Work item:
Your answer should hold exactly the lines beginning with the one that contains "anonymus9006 online show" and ending with the last line of the material, both included. Leave every picture out.

Dataset extract:
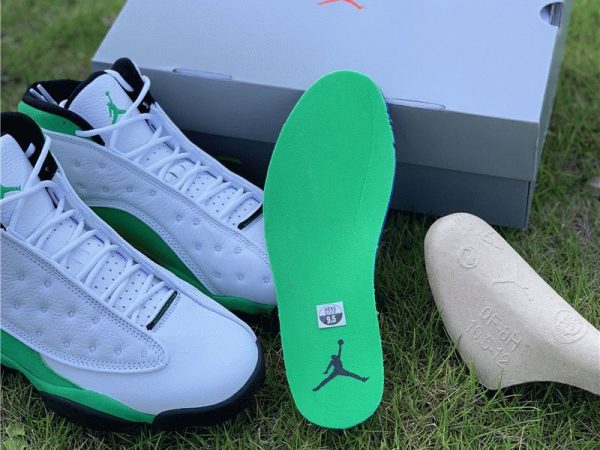 Lucky Green Air Jordan 13 in sole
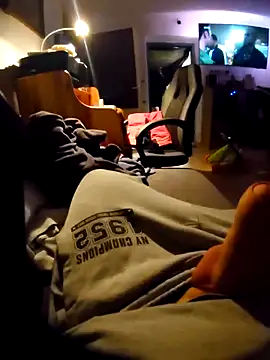 anonymus9006 online show from November 12, 2025, 6:08 pm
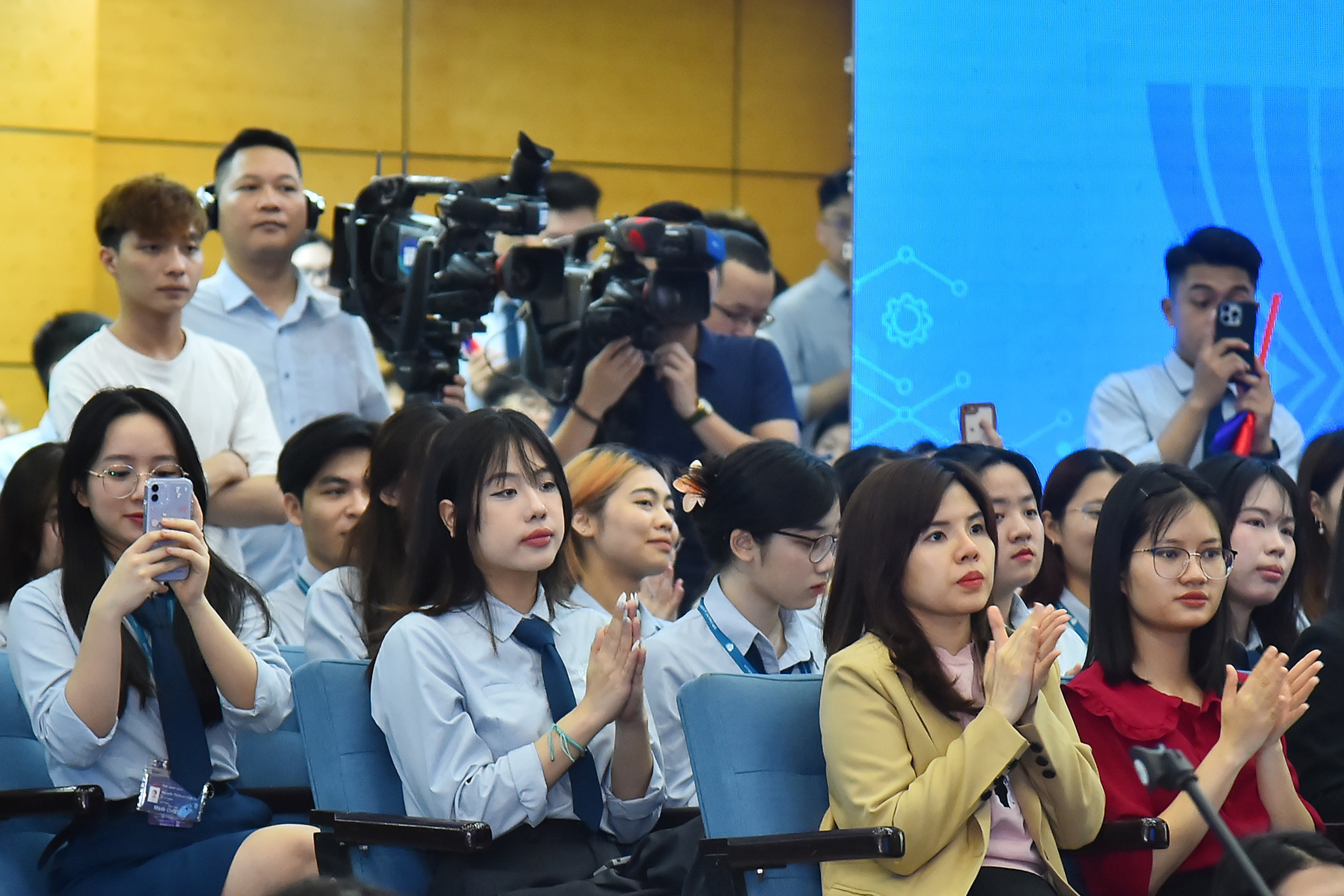 Đông đảo các bạn sinh viên Học viện Ngoại giao tham dự buổi “Đối thoại giữa Tổng Thư ký ASEAN Kao Kim Hourn với thanh niên các nước ASEAN”.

Finished task:
 anonymus9006 online show from November 12, 2025, 6:08 pm
 Đông đảo các bạn sinh viên Học viện Ngoại giao tham dự buổi “Đối thoại giữa Tổng Thư ký ASEAN Kao Kim Hourn với thanh niên các nước ASEAN”.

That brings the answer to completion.